2017 Economic Forecast
Local experts share their predictions for eight of our most important industry sectors.
The Westchster Bank and M&T Bank are among the financial institutions looking to expand in Westchester in 2017.
In Westchester’s highly competitive banking environment, many of the key players are on the move and looking for an edge in 2017.
M&T Bank, for instance, has been making waves following its acquisition of Hudson City Bank last year. Eight Hudson City branches in Westchester were converted in February 2016, adding to the six existing M&T branches in the county. The changes have fueled hiring by the bank on both the retail and commercial sides. “That’s a further sign that we feel pretty bullish about Westchester County,” says Regional President Frank Micalizzi, who’s based in Tarrytown.
Headquartered in White Plains, The Westchester Bank opened a new branch in Rye Brook in December 2016, at 800 Westchester Avenue, and is looking to open a seventh county branch in 2017. “We think there will be opportunities to build our business in Westchester,” says CEO/President John Tolomer. “We’ve been very fortunate to attract the most prestigious small and midsize businesses in Westchester.” But Tolomer knows his team will have to work hard to keep doing so. “It’s always a challenge
to continue to acquire those types of clients,” he says.

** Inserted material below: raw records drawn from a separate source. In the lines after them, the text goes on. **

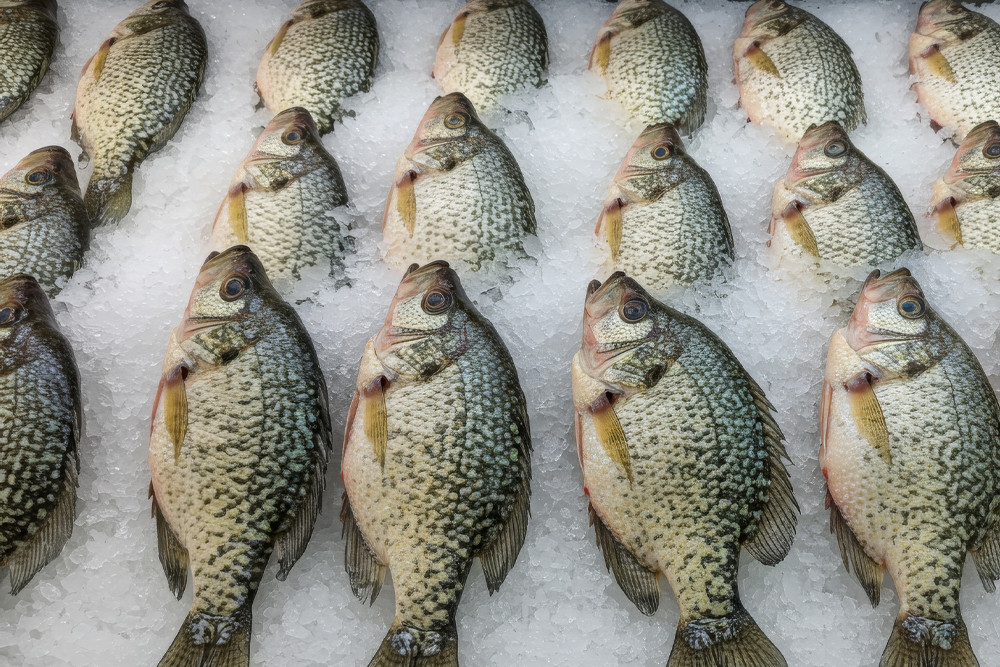 A full day on the ice: crappie stacked up like this highlight both the popularity of panfishing and the importance of regulations designed to protect these prized fish for the future.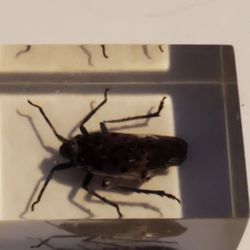 Preserved Bug In A Cube. Yuck!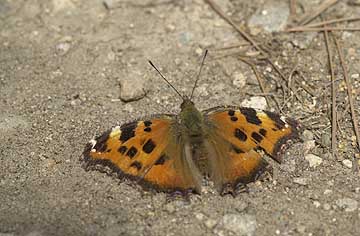 ヒオドシチョウ
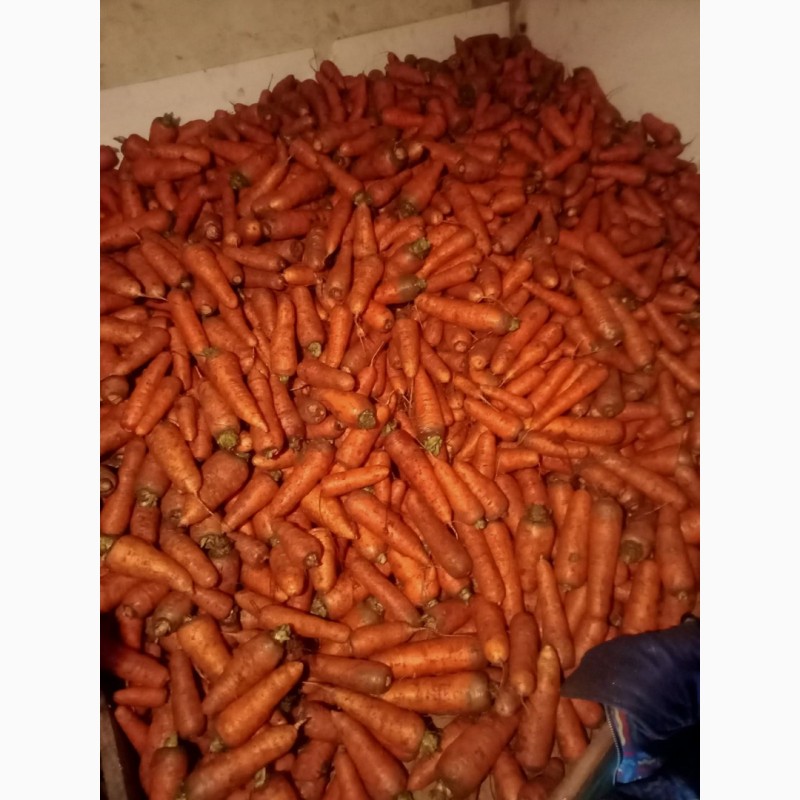Фото 4. Продам моркву 1 та 2 сорт від фермера з 20 тонн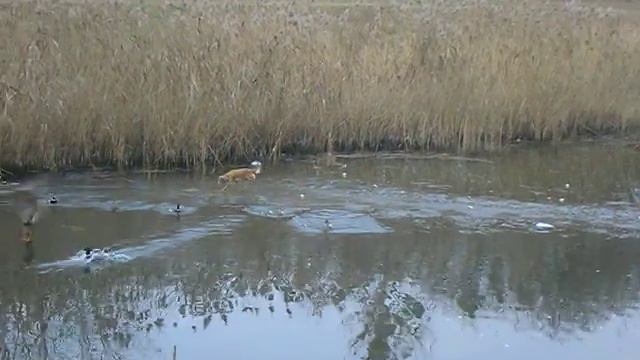 охота на уток Алтайские озёра 3.12.2011 смотреть онлайн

Meanwhile, Wells Fargo, which is based in San Francisco but has a strong presence in the county, will be investing heavily in technology to make banking more convenient. “While many customers enjoy visiting their local branches, people are also
turning to mobile devices to conduct their banking,” says Maria Ferreira, Wells Fargo’s Community Bank area president for Suburban New York and Connecticut. “Wells Fargo will
be investing in its technology, to deliver a world-class experience for customers, both in our Westchester County branches and online.”
As for the rest of the banking sector, optimism among business owners about President-elect Trump’s proposed corporate-tax cut — from 35 percent to 15 percent — bodes well for banks that serve them.
“There seems to be a lot of receptivity to a potential tax cut,” says Tolomer. “In my experience, every recovery starts with confidence and enthusiasm. We’re beginning to see the seeds of enthusiasm.”
The uptick in real estate prices in New York City in the past few years could also spark business for Westchester banks, as it drives homebuyers seeking less costly options toward the county. “Westchester is a nice alternative for folks to have a good quality of life and still be near New York City,” says Micalizzi. “Westchester is a very good county for us to do business in. We’re very optimistic.” — Elaine Pofeldt
This mixed-use project at Larkin Plaza (below) in Yonkers and new medical pavillion in White Plains are examples of commercial real estate strength.
Promising Year Ahead
White Plains is the hottest place in Westchester’s commercial real estate market for 2017, although Harrison, New Rochelle, and Yonkers show considerable progress, as well. Northern Westchester continues to be awash in vacant office space, while Mexican billionaire and new Westchester landlord Carlos Slim ponders the fate of the IBM and PepsiCo properties he bought in 2016.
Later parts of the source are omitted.